Dubai: Nokia dropped out of the global top three smartphone rankings for the first time in history as the company’s transition from Symbian-powered handsets to ones shipped with Windows Phone has left ample opportunity for rivals to steal market share, according to industry experts.
The Finnish giant’s exit from the top 5 was precipitated by the rise of Samsung and Apple globally and high-growth vendors like Huawei in China, where Nokia was the dominant player as recently as the third quarter of 2011.
Vendors shipped a total of 444.5 million mobile phones in the third quarter of this year, registering a year-over-year growth of 2.4 per cent, compared to 434.1 million units in the third quarter of last year while shipments of smartphones increased more than expected from 127.7 million units in the third quarter of 2011 to 179.7 million devices last quarter, representing a 45.3 per cent increase.
“Nokia’s share losses have meant gains for competitors,” Kevin Restivo, senior research analyst at IDC, said. He added: “The company’s transition away from Symbian-powered smartphones to ones shipped with Windows Phone has left ample opportunity for rivals to steal share away from Nokia over the past 18 months.”
Samsung’s smartphone sales registered year-on-year growth of more than 100 per cent to 56.3 million units, mainly fuelled by Galaxy and Note 2 handsets.
China’s ZTE shipped 82.9 per cent more smartphones in the third quarter this year than it did last year — a growth rate that was surpassed only by Samsung.
Neil Shah, senior Analyst at Strategy Analytics, said: “Samsung and Apple combined now account for over half of all smartphones shipped worldwide, up from around one-third a year ago. Volumes have polarised around those two brands. Nokia shipped 6.3 million smartphones worldwide for a four per cent market share during the quarter, dipping from 16.8 million units and a 14 per cent share in the third quarter of last year.”
Nokia has now slipped outside the top three global smartphone rankings “for the first time in history.” “Nokia will need to ramp up sharply its Windows Phone volumes if it wants to recapture a top-three smartphone position in the next one to two quarters,” Shah said.
Samsung shipped a total of 105.4 million units during the quarter for a record 23.7 per cent share of the market. Nokia continued its restructuring plans and shipments from the fallen global leader fell 22 per cent from 106.5 million in third quarter last year to 82.9 million last quarter.

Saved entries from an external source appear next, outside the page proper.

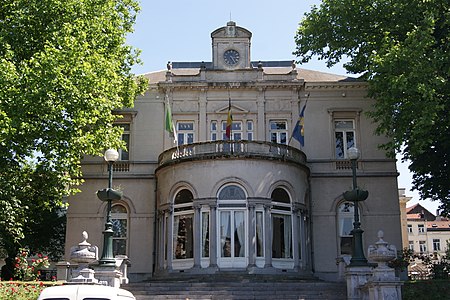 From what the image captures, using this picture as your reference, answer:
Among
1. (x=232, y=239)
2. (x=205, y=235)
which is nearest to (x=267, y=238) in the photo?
(x=232, y=239)

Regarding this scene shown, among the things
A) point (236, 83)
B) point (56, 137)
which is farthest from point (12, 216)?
point (236, 83)

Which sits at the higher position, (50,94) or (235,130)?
(235,130)

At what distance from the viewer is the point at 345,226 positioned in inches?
1163

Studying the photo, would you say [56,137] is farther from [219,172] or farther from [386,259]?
[386,259]

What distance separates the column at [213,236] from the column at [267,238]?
7.18 ft

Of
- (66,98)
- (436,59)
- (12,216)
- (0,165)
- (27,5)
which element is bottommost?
(12,216)

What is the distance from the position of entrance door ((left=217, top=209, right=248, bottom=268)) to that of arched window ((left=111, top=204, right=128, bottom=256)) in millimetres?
5939

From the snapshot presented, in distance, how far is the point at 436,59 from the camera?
22297mm

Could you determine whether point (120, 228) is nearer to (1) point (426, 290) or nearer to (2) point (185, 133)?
(2) point (185, 133)

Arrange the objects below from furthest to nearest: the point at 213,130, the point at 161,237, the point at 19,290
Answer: the point at 213,130 < the point at 161,237 < the point at 19,290

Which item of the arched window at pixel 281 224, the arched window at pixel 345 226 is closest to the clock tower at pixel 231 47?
the arched window at pixel 281 224

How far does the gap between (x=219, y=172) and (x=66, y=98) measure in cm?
766

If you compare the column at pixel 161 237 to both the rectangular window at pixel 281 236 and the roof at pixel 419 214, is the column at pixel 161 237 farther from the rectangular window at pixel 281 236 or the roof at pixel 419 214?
the roof at pixel 419 214

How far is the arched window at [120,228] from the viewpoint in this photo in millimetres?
29281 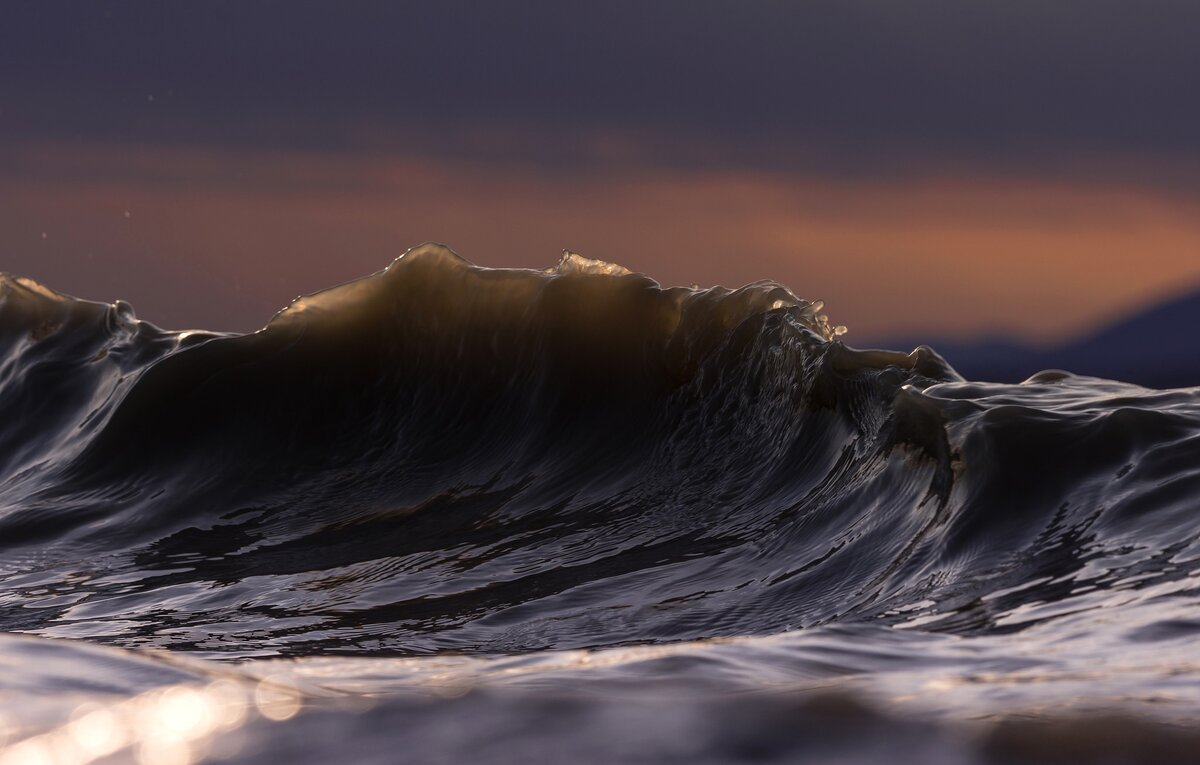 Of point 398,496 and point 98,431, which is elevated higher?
point 98,431

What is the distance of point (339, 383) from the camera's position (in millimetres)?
7992

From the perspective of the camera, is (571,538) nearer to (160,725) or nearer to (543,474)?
(543,474)

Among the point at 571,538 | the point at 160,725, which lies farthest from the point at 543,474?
the point at 160,725

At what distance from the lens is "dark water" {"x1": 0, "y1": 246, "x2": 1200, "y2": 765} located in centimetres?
170

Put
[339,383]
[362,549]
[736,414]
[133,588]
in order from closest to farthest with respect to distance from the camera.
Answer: [133,588]
[362,549]
[736,414]
[339,383]

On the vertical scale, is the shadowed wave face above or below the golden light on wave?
above

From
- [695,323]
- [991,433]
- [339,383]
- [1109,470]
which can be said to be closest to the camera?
[1109,470]

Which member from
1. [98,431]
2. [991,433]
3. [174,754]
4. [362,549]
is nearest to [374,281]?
[98,431]

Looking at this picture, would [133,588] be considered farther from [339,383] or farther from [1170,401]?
[1170,401]

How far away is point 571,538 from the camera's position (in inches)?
228

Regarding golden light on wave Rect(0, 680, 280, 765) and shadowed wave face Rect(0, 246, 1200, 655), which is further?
shadowed wave face Rect(0, 246, 1200, 655)

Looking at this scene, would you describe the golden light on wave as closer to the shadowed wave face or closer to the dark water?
the dark water

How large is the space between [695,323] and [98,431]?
3882 millimetres

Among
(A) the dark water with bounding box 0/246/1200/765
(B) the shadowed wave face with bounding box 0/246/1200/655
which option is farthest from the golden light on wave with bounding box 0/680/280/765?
(B) the shadowed wave face with bounding box 0/246/1200/655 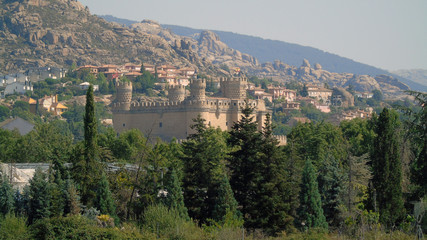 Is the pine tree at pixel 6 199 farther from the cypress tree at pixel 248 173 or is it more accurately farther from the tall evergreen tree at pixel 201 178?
the cypress tree at pixel 248 173

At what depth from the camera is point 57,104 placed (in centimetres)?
12325

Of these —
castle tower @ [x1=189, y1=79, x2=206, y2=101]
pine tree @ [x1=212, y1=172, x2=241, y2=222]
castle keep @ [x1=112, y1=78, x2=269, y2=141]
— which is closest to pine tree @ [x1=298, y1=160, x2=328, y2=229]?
pine tree @ [x1=212, y1=172, x2=241, y2=222]

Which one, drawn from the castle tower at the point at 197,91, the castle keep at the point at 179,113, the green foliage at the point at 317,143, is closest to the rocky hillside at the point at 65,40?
the castle keep at the point at 179,113

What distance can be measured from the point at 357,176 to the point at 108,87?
327 ft

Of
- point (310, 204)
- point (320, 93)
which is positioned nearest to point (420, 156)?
point (310, 204)

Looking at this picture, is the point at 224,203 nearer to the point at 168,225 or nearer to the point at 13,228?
the point at 168,225

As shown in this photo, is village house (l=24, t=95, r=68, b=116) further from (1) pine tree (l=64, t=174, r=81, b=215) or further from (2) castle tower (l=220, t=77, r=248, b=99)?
(1) pine tree (l=64, t=174, r=81, b=215)

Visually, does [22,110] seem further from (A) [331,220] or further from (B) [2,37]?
(A) [331,220]

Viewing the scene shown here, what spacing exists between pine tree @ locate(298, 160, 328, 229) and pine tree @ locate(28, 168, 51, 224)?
1062 centimetres

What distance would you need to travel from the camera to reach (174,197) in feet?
107

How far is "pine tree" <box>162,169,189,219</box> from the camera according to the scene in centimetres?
3256

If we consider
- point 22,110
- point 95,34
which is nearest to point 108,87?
point 22,110

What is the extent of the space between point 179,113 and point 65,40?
91.0m

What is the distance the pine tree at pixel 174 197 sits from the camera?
32.6 metres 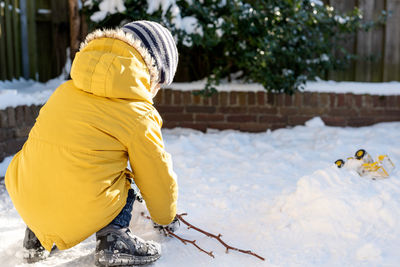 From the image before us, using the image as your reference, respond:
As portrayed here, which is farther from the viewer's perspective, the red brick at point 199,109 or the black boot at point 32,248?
the red brick at point 199,109

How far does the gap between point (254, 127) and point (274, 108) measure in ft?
0.94

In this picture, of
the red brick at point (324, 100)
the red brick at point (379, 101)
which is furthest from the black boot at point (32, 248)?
the red brick at point (379, 101)

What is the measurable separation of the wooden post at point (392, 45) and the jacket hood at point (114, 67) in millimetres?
3802

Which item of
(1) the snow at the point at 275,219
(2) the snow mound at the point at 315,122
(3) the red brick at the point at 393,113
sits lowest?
(1) the snow at the point at 275,219

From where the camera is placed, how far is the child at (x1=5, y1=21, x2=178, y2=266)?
155 cm

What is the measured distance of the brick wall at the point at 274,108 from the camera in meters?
4.36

“[Apple] shipped 26.9 million smartphones worldwide for a 17 per cent market share, up from 14 per cent recorded a year earlier,” Strategy Analytics executive director Neil Mawston said.
Samsung successfully delivered “numerous hit models” despite competition in stores and courtrooms. Meanwhile, other handset manufacturers, such as Nokia, fell into the “others” category at 48 per cent.